Scolding and double fries in hand, we moved on to the bus stop.  Another silly man (bus driver this time) Imagedecided that it was too much hassle to put down the ramp and simply drove away from me – having made eye contact with me…  But I was still floating on the high of my beautiful untangled day, and enjoyed the fact that there are at least 4 buses every five minutes available to me, and that my earlier train meant that we had gallons of time to spare.  A little bus ride and a short walk later, we were comfortably and happily sat in Coram’s Fields enjoying our lunch!

A little aside… I discovered Coram’s Fields a few years ago when Tom was in GOSH and rather poorly.  I believe it was a nurse who told me of this lovely playground minutes away from the hospital.  The lovely thing about this playground is that adults are not allowed in without a child.  The resulting atmosphere is an oasis of calm and security in the middle of a very busy city.  We had a giggle, some play and enjoyed lunch in the sunshine… a true highlight moment.

Joy sometimes has a funny face!

Both Kesia and Tom coped admirably well during our appointment – playing nicely in the playroom while I had my part of the chat with Mr E (see this post).  The rather splendid Mr E then authoritatively told me to stay put in a nice quiet room while he went to work with Tom.  Words rather fail to express how proud I was of Kesia for managing to stay in the playroom and not coming looking for me – those fifteen minutes did me a power of good!

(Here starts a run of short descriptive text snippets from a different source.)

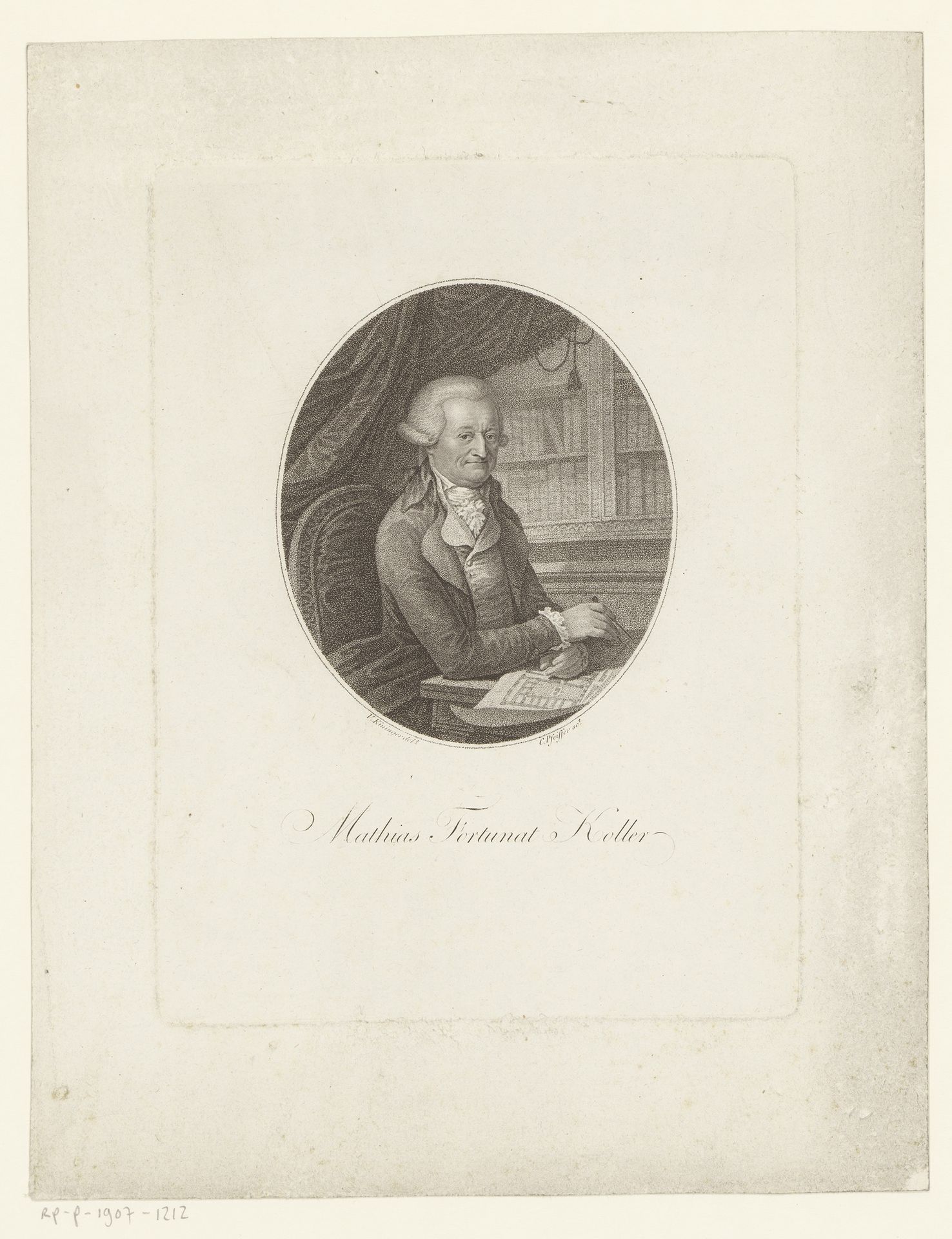 Portret van Mathias Fortunat Koller by Carl Hermann Pfeiffer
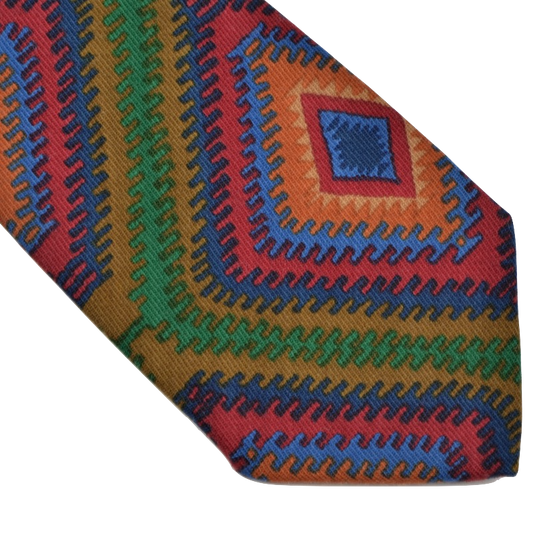 Fiorio Wool Tie Aztec Print - Green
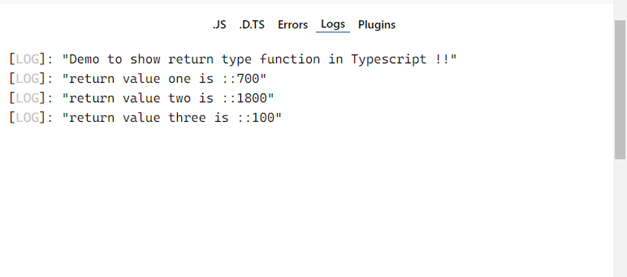 TypeScript function return type output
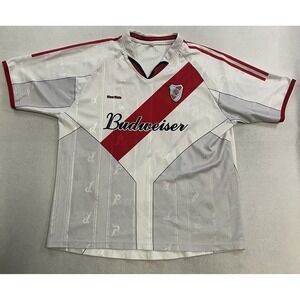 Vintage River Plate Jersey Men's Size XL Red White Futbol Soccer Argentina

Our return trip was equally uneventful!  Oh me, oh my!  A brief stop at Cafe Nero for a soy latte for me and baby chinos for the children, which Tom finished.  Another little moment of true joy, because he also ate half an ice cream.  I am so proud of him, because he worked really hard with Mr E, and gave the impression that he had understood he needed to “eat a little bit more by my mouth”.  But for words to be put into action so soon after the appointment was a massive milestone for me.

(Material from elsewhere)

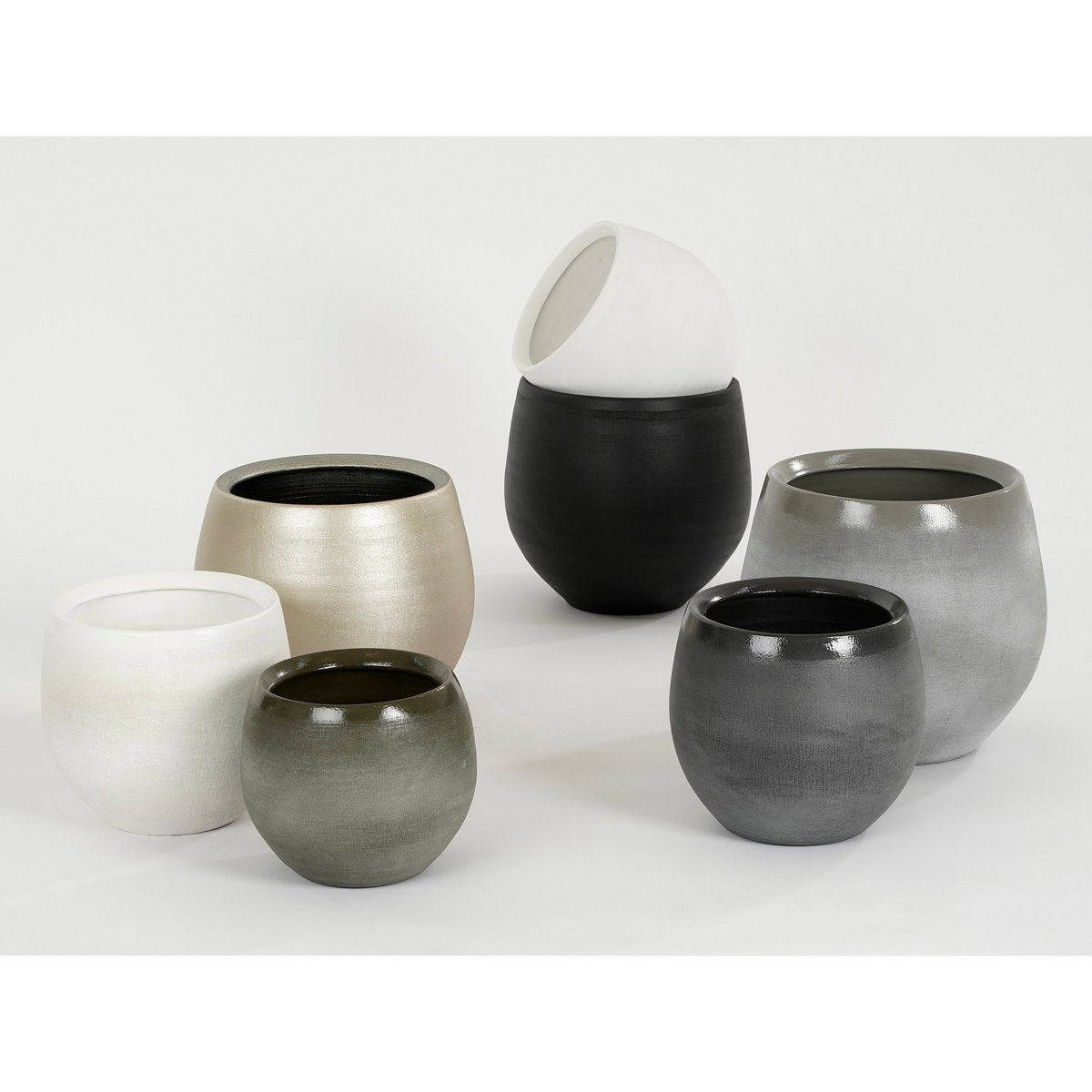 Mica Decorations - Douro Bloempot - H18 x Ø20 cm - Terracotta - Off White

I have a wonderful finish to my simple, untangled day.  We arrived at Waterloo and got ready to get on the train.  I usually manage to find a station guard’s attention to get a ramp, though they can be a little sulky if they were not expecting me.  This time, there was no-one in sight.  I was not really worried: I’m quite happy to stop the train leaving on time if need be 🙂 .

To my astonishment and utter delight, a guard coming off duty took the time to ask me how he could help, put his bag down to unlock a ramp and made sure we were safely on board the train before moving on with his day.  Lovely, lovely man, who more than made up for the two silly ones earlier in the day.  His colleague, the guard on our train was equally kind and caring.  Tom was delighted when the guard made an announcement just for him – just announcing our station because he did explain that he is not allowed to tell jokes over the intercom, but Tom was thrilled.

Sometimes, the little things go right.

And when they do,life just buzzes with joy.